Classification and retrieval do not usually require an in-depth understanding of the text. For instance, in the sentence “Emma knocked on the door,” the words “on” and “the” don’t change the fact that this sentence is about a person and a door. For coarse-grained tasks such as classification, the pronouns, articles, and prepositions may not add much value. The case may be very different in sentiment analysis, which requires a fine-grained understanding of semantics.
The popular Python NLP package NLTK contains a linguist-defined stopword list for many languages. (You will need to install NLTK and run nltk.download()
to get all the goodies.) Various stopword lists can also be found on the web.

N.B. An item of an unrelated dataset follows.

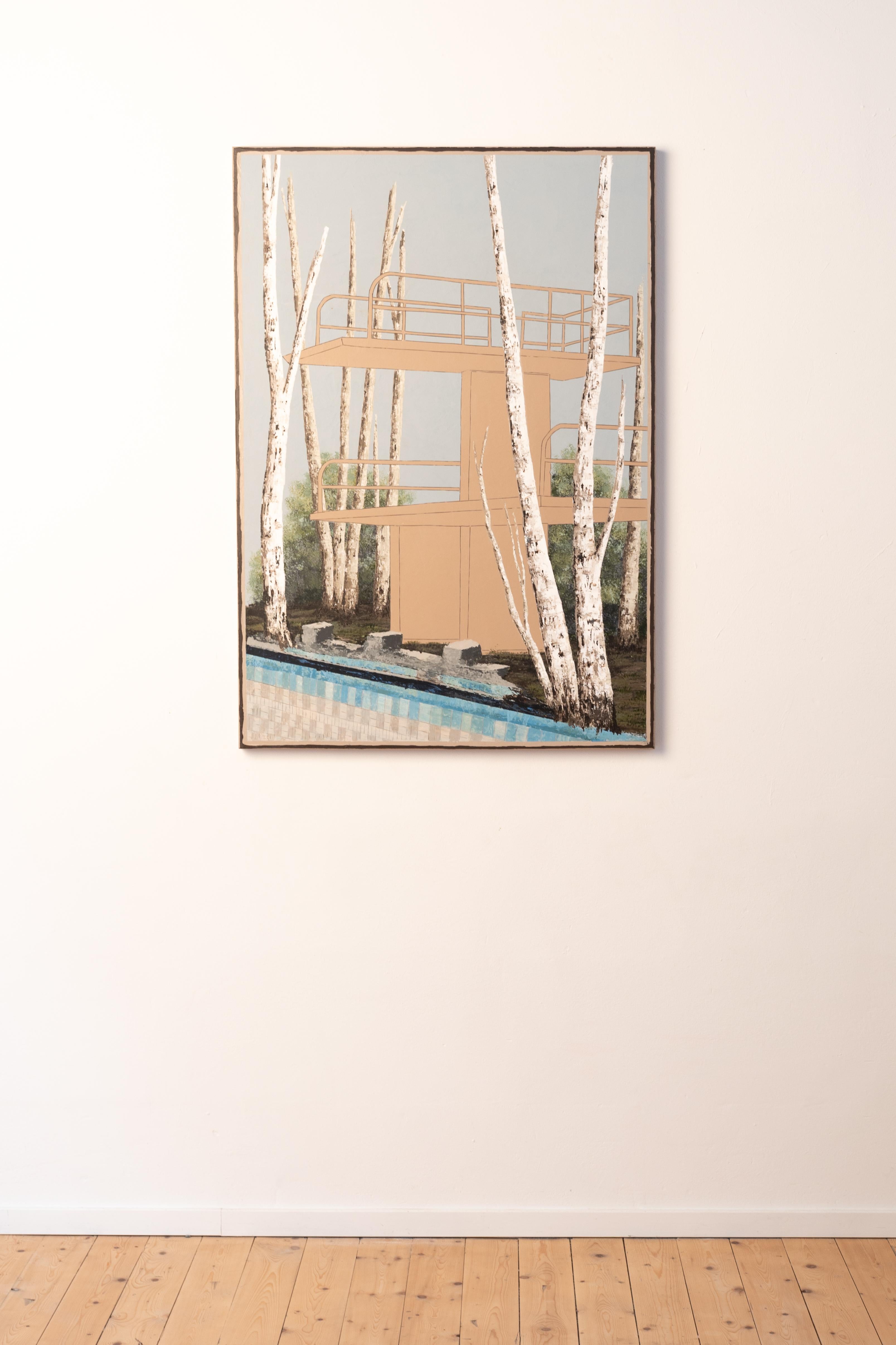 Andrea Imwiehe Landscape Painting - Childlike Magic 81 - oil on panel painting of birches & abandoned swimming pool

For instance, here are some sample words from the English stopword list:
a, about, above, am, an, been, didn't, couldn't, i'd, i'll, itself, let's, myself, our, they, through, when's, whom, ...
Note that the list contains apostrophes, and the words are uncapitalized. In order to use it as is, the tokenization process must not eat up apostrophes, and the words need to be converted to lowercase.
Stopword lists are a way of weeding out common words that make for vacuous features. There are other, more statistical ways of getting at the concept of “common words.” In collocation extraction, we see methods that depend on manual definitions, and those that use statistics. The same idea applies to word filtering. We can use frequency statistics here as well.
Frequency statistics are great for filtering out corpus-specific common words as well as general-purpose stopwords. For instance, the phrase “New York Times” and each of the individual words in it appear frequently in the New York Times Annotated Corpus dataset. Similarly, the word “house” appears often in the phrase “House of Commons” in the Hansard corpus of Canadian parliament debates, a dataset that is popularly used for statistical machine translation because it contains both an English and a French version of all documents. These words are meaningful in general, but not within those particular corpora. A typical stopword list will catch the general stopwords, but not corpus-specific ones.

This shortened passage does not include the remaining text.